Maybe I am just too jaded, but this story seemed completely unrealistic. On the other hand, I am not a fourteen-year-old boy, nor am I gay, nor am I Armenian, so perhaps this story would make perfect sense if I was any of these things.
What worked for me was the Armenian angle, and it was interesting to me to get some insight into that culture -- though was it stereotypical? I don't know, but it did at times seem quite critical of the Armenian culture. The story does bring to light the Armenian Genocide that took place in Turkey after World War I, and I imagine that many readers would otherwise be unaware of that history. I am appreciative of how Barakiva made that a part of his story, and that storyline was effective. What also worked was that it was a quick read at 278 pages, which is a draw for reluctant readers.
What didn't work for me was how easily things happened for our main character, Alek. One day he doesn't know he's gay, the next day he does, and he's immediately fine with it -- as is everyone else in the world, including random little old ladies commenting on the cuteness of him and his boyfriend. I just don't believe it. In this strict household, where his parents are constantly concerned about appearances and what others think, they're okay with their son being gay as long as his grades are good? Again, I don't believe it. It was just too easy and normal. More like how things SHOULD be, but how they aren't -- at least not in my experience, though it's getting better. So maybe that's what the story was supposed to be -- a picture of what should or could be? If that was its intent, then okayyyyyyy, but it still doesn't work for me.
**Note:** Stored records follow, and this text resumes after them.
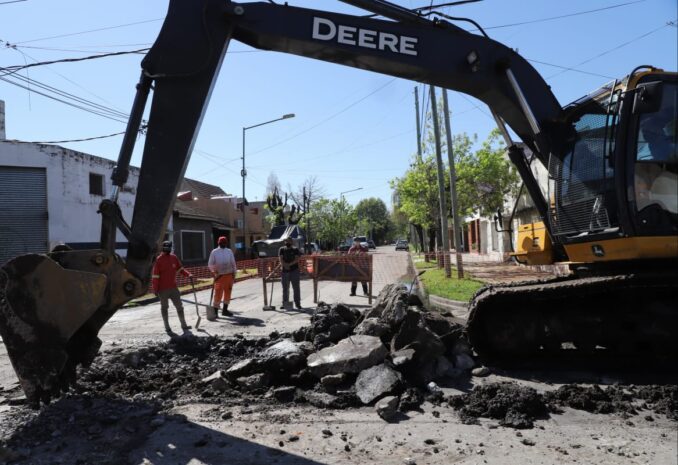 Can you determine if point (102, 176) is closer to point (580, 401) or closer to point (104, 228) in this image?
point (104, 228)

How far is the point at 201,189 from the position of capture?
42906mm

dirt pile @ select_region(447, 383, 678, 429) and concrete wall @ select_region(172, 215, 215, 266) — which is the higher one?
concrete wall @ select_region(172, 215, 215, 266)

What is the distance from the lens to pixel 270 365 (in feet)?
17.8

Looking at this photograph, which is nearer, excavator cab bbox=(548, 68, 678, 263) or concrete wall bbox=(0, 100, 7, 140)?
excavator cab bbox=(548, 68, 678, 263)

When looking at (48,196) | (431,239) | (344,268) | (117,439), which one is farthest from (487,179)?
(117,439)

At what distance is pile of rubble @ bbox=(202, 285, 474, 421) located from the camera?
15.9 feet

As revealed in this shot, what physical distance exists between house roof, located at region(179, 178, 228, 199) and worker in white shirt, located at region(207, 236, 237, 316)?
27.9 m

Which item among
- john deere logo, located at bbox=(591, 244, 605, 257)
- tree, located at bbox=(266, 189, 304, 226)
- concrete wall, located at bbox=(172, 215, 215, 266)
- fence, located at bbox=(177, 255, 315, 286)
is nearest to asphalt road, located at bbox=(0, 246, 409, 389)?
fence, located at bbox=(177, 255, 315, 286)

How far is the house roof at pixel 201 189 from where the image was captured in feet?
130

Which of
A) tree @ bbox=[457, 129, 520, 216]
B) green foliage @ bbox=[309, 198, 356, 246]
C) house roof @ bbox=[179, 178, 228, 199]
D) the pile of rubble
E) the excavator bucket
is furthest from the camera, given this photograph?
green foliage @ bbox=[309, 198, 356, 246]

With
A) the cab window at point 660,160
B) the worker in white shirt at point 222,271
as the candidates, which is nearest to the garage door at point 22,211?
the worker in white shirt at point 222,271

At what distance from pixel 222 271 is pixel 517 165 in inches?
274

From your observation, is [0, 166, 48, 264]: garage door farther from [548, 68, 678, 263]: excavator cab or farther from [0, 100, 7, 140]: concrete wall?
[548, 68, 678, 263]: excavator cab

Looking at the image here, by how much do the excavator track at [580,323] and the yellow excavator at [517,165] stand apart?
2 centimetres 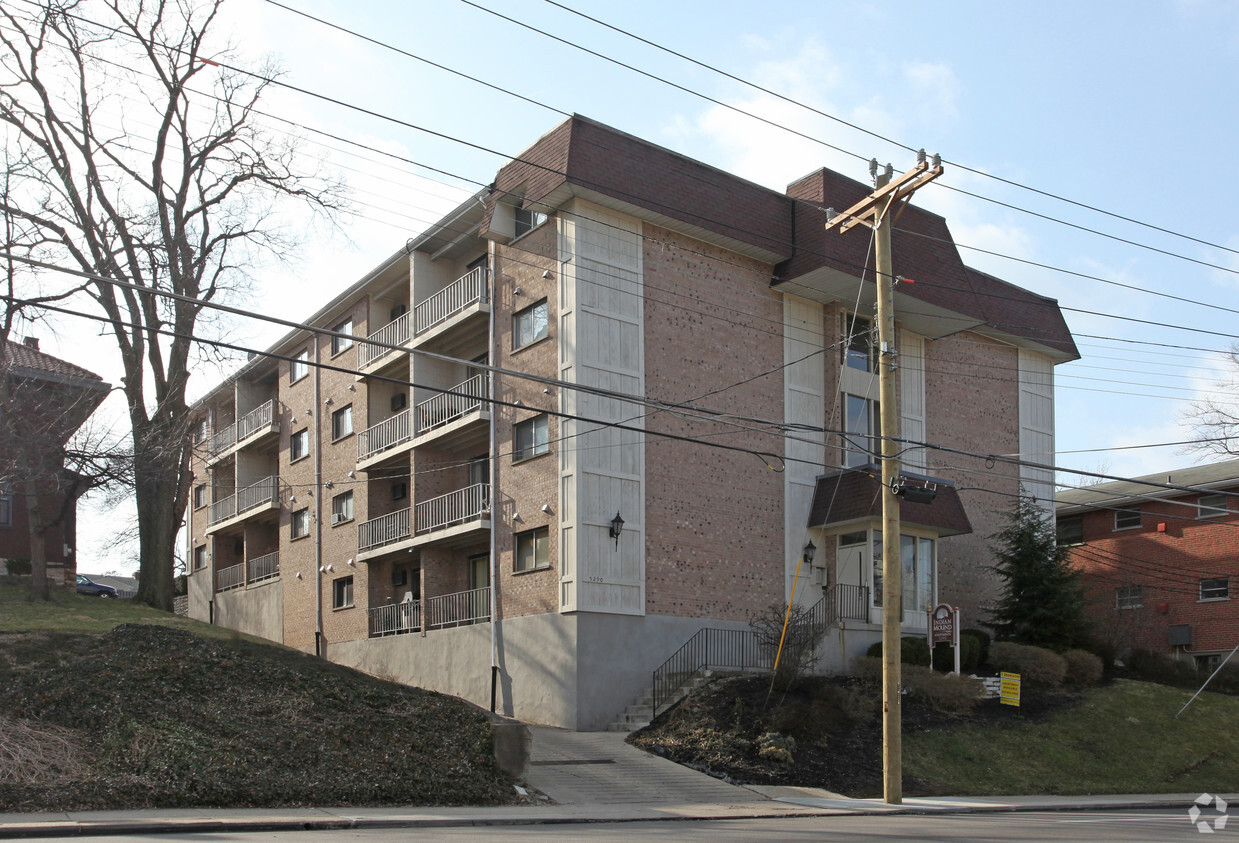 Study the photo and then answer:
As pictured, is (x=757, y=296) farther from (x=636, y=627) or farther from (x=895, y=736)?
(x=895, y=736)

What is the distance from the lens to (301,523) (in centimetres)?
3662

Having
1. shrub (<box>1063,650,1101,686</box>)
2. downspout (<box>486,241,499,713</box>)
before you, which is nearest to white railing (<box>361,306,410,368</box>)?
downspout (<box>486,241,499,713</box>)

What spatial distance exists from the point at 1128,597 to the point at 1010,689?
52.8ft

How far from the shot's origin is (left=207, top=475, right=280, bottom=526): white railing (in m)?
38.3

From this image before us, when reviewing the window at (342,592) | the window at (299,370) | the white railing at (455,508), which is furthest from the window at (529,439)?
the window at (299,370)

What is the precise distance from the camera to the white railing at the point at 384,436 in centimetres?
3027

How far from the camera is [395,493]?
32688 mm

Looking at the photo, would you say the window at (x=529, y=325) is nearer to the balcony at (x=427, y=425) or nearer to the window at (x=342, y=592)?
the balcony at (x=427, y=425)

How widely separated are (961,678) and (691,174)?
12.5 metres

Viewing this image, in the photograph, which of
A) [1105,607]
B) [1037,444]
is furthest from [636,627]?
[1105,607]

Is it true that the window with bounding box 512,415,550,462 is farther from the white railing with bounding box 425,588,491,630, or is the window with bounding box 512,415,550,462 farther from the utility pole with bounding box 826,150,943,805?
the utility pole with bounding box 826,150,943,805

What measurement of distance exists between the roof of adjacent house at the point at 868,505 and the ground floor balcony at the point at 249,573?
19.6m

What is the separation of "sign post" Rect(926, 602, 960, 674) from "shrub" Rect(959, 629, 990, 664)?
1.30 metres

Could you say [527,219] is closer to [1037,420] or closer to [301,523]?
[301,523]
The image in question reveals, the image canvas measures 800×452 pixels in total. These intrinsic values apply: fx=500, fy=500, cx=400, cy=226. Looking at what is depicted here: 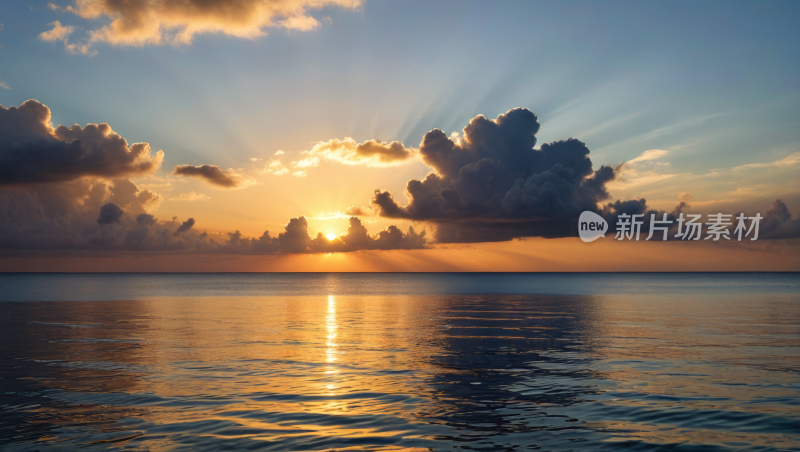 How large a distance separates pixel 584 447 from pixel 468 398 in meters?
6.49

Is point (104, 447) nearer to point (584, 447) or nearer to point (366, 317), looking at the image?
point (584, 447)

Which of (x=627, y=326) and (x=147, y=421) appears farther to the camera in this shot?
(x=627, y=326)

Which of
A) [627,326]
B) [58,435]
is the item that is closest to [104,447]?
[58,435]

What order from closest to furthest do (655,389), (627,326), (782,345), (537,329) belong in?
1. (655,389)
2. (782,345)
3. (537,329)
4. (627,326)

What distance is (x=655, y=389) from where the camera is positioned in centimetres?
2189

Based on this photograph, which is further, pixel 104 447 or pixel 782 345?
pixel 782 345

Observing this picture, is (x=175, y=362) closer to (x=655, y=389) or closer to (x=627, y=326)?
(x=655, y=389)

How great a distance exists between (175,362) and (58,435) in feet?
45.1

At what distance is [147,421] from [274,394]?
5254mm

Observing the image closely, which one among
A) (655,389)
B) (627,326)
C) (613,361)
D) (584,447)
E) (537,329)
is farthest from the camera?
(627,326)

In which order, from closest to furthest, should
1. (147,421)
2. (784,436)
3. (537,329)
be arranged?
(784,436) < (147,421) < (537,329)

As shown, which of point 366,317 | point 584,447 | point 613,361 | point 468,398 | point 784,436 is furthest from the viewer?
point 366,317

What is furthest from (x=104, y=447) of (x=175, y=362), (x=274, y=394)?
(x=175, y=362)

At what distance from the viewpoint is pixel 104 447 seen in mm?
14789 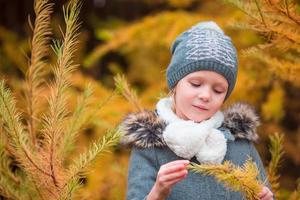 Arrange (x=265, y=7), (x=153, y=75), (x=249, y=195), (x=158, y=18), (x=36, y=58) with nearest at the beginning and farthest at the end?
(x=249, y=195)
(x=265, y=7)
(x=36, y=58)
(x=158, y=18)
(x=153, y=75)

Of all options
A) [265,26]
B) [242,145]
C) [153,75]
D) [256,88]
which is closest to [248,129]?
[242,145]

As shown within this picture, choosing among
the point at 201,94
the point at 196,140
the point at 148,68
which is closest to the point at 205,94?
the point at 201,94

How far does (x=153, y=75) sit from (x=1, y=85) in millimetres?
2525

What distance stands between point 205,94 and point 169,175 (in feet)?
0.96

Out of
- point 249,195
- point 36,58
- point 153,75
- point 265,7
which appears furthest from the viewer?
point 153,75

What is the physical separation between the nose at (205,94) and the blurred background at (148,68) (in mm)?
202

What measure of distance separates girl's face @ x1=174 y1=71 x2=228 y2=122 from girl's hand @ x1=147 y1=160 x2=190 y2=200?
0.85 feet

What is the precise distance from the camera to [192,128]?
1.28 metres

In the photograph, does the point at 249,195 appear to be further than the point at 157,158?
No

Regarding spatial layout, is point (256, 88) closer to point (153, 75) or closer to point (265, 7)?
point (153, 75)

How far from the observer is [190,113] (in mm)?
1345

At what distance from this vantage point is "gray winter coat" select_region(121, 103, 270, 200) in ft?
4.35

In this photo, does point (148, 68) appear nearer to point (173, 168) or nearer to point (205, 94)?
point (205, 94)

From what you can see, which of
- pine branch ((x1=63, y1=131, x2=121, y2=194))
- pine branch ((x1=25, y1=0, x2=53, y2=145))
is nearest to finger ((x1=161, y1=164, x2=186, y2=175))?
pine branch ((x1=63, y1=131, x2=121, y2=194)) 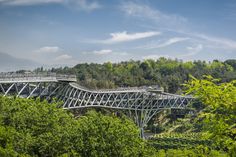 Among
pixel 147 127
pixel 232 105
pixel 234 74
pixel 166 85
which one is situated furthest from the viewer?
pixel 234 74

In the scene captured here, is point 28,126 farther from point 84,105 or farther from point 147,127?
point 147,127

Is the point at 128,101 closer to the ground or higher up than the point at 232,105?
closer to the ground

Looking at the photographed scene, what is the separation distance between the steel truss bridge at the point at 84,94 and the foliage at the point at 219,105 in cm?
3456

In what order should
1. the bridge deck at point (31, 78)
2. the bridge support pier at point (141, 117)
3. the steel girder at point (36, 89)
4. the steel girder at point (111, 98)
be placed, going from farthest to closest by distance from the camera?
the bridge support pier at point (141, 117), the steel girder at point (111, 98), the steel girder at point (36, 89), the bridge deck at point (31, 78)

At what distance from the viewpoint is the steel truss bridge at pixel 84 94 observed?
44531 mm

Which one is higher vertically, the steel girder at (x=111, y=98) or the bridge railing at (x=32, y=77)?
the bridge railing at (x=32, y=77)

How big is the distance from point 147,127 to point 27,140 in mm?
68166

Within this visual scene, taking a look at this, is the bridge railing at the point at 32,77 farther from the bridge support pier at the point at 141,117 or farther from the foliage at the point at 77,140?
the bridge support pier at the point at 141,117

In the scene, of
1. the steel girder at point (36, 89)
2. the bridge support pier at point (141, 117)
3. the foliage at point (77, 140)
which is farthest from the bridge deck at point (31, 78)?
the bridge support pier at point (141, 117)

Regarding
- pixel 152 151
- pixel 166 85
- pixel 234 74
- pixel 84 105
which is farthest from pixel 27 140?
pixel 234 74

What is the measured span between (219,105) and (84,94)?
5329 cm

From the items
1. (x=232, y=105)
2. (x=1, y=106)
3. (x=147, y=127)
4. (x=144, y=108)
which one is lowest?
(x=147, y=127)

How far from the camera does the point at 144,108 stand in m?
77.8

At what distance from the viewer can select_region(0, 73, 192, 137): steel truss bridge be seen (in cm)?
4453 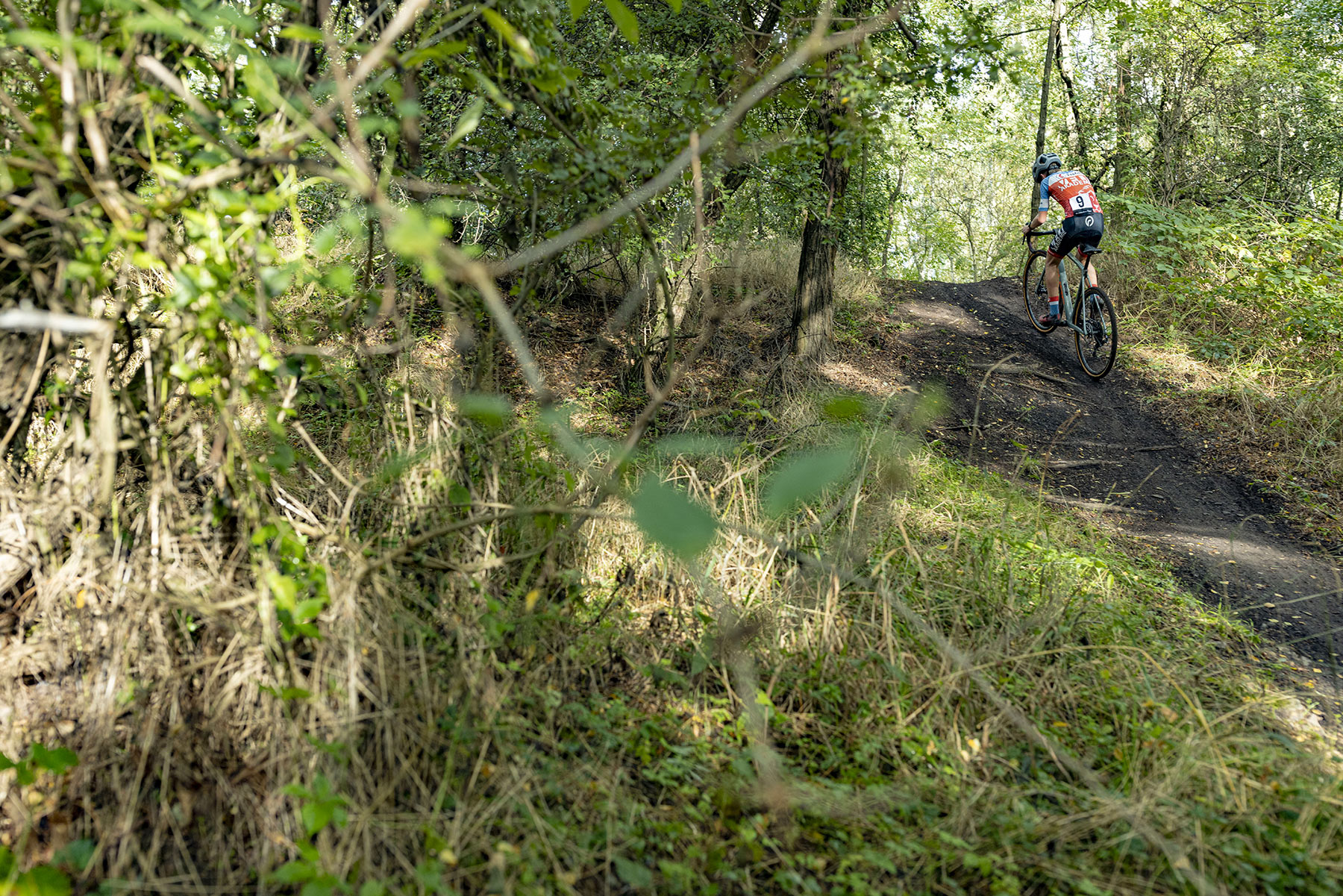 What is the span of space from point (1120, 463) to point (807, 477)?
6.57m

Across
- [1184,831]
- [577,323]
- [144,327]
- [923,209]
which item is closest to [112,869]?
[144,327]

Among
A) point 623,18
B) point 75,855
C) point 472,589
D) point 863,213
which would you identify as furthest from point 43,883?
point 863,213

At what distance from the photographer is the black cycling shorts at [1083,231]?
7.77 meters

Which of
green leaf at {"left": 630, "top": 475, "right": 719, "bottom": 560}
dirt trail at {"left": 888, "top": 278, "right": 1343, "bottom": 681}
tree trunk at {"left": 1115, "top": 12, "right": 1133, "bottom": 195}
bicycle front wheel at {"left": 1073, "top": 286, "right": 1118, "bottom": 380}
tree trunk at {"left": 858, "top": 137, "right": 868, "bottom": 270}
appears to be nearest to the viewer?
green leaf at {"left": 630, "top": 475, "right": 719, "bottom": 560}

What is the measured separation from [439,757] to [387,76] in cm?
196

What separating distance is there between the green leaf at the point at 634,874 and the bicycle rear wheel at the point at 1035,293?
814cm

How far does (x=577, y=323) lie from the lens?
8.91 m

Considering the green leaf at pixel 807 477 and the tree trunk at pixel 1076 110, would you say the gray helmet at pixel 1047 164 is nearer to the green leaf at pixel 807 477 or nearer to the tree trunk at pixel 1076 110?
the tree trunk at pixel 1076 110

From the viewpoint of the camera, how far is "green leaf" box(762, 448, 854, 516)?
1.47 metres

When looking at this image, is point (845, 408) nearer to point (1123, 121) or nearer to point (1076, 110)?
point (1123, 121)

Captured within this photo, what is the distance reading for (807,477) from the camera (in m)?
1.49

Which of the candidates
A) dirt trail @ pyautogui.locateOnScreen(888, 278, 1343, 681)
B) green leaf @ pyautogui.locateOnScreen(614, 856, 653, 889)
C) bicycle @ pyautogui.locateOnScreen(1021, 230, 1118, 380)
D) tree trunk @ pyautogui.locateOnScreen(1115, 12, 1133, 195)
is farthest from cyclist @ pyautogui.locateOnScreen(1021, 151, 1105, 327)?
green leaf @ pyautogui.locateOnScreen(614, 856, 653, 889)

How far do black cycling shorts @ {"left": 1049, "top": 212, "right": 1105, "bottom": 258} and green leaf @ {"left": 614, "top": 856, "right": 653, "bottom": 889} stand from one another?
7.72 m

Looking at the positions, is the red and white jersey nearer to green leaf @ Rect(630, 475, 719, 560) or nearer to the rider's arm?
the rider's arm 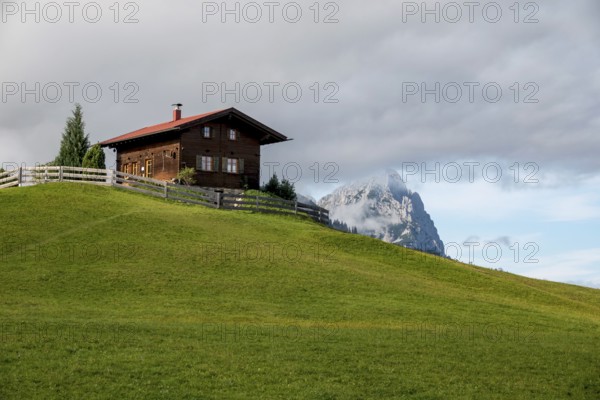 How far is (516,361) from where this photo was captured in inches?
946

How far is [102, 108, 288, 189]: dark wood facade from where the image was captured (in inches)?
2697

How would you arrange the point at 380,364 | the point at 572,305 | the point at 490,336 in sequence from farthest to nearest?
the point at 572,305, the point at 490,336, the point at 380,364

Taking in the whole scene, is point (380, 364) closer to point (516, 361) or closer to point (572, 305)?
point (516, 361)

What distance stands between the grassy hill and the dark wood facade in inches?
596

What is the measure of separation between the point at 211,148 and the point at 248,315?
41.8 metres

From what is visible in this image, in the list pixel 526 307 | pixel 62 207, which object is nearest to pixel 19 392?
pixel 526 307

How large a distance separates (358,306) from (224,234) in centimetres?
1557

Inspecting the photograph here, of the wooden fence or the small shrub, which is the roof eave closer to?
the small shrub

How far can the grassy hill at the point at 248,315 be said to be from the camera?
20.3 m

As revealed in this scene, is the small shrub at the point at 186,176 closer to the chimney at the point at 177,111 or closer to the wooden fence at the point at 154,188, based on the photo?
the wooden fence at the point at 154,188

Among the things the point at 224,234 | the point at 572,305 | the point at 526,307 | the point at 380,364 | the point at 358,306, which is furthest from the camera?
the point at 224,234

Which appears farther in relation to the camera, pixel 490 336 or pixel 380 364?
pixel 490 336

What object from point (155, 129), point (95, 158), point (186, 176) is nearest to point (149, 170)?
point (155, 129)

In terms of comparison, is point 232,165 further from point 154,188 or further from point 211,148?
point 154,188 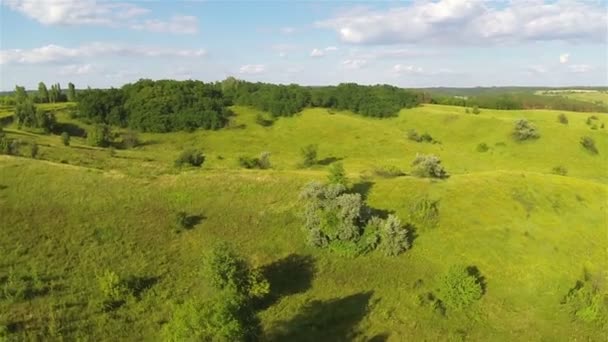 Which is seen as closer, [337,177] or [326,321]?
[326,321]

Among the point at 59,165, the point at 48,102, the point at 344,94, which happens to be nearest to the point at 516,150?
the point at 344,94

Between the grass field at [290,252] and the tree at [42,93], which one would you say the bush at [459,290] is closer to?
the grass field at [290,252]

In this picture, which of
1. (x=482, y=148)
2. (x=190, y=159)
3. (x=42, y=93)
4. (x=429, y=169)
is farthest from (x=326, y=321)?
(x=42, y=93)

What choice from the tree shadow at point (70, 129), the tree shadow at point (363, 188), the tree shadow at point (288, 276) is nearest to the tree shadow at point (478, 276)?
the tree shadow at point (288, 276)

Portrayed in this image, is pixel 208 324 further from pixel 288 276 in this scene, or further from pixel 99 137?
pixel 99 137

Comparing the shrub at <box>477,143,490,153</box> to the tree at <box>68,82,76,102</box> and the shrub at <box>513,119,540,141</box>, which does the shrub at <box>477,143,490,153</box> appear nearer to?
the shrub at <box>513,119,540,141</box> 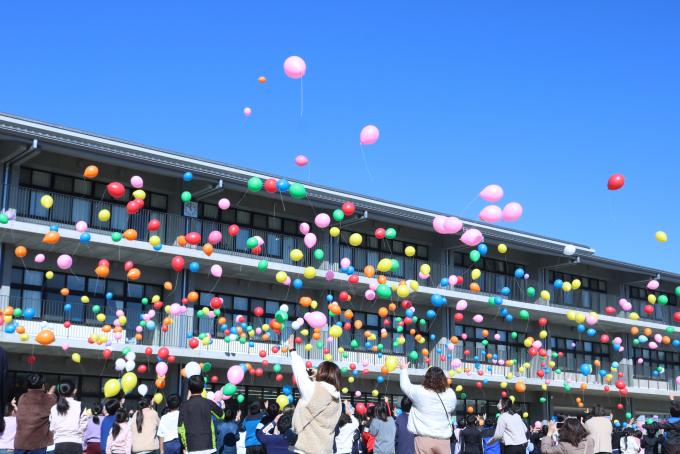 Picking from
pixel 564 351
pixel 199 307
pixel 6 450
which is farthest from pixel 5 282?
pixel 564 351

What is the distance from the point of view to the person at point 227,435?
12664 millimetres

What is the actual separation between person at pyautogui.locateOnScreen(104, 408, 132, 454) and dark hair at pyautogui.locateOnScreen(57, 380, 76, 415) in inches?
73.8

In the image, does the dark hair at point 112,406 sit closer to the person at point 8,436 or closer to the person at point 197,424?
the person at point 8,436

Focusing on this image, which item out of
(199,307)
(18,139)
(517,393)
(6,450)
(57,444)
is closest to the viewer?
(6,450)

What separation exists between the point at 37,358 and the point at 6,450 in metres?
15.2

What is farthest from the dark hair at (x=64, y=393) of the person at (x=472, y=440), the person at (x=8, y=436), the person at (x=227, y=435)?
the person at (x=472, y=440)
Another problem is Alek's insta-love with our second most prominent character, Ethan, who I never can quite get fully developed in my mind. The problem isn't really the insta-love, rather the lack of definition of Ethan. There is gay-with-Alek Ethan, who seems to be a bit stereotypical with his boyfriend talk, hair stylist, and blowing of kisses. Then there's skater Ethan, who is rough and tumble, tough talking, fighting, hanging with the guys Ethan. Barakiva attempts to bridge these two versions, but they never quite connect and the reader is left unsure about Ethan. One excellent character was Becky, Alek's BFF. She was well drawn and really easy to imagine, and she was the best character in the story.
There is also a focus on Armenian food, which in itself isn't a problem, but the better part of an entire chapter is devoted to spelling out the preparation of several dishes. This bored me to tears. I just flipped through it to get to the point of the chapter.
I'd say this is appropriate for ages 13-17. There's some language, a little bullying, and kissing with the suggestion of heavy petting. Some reference to underage partying as well, but overall, fairly innocuous.
Thank you to Farrar, Straus and Giroux and NetGalley for the ARC, which I received in exchange for an honest review.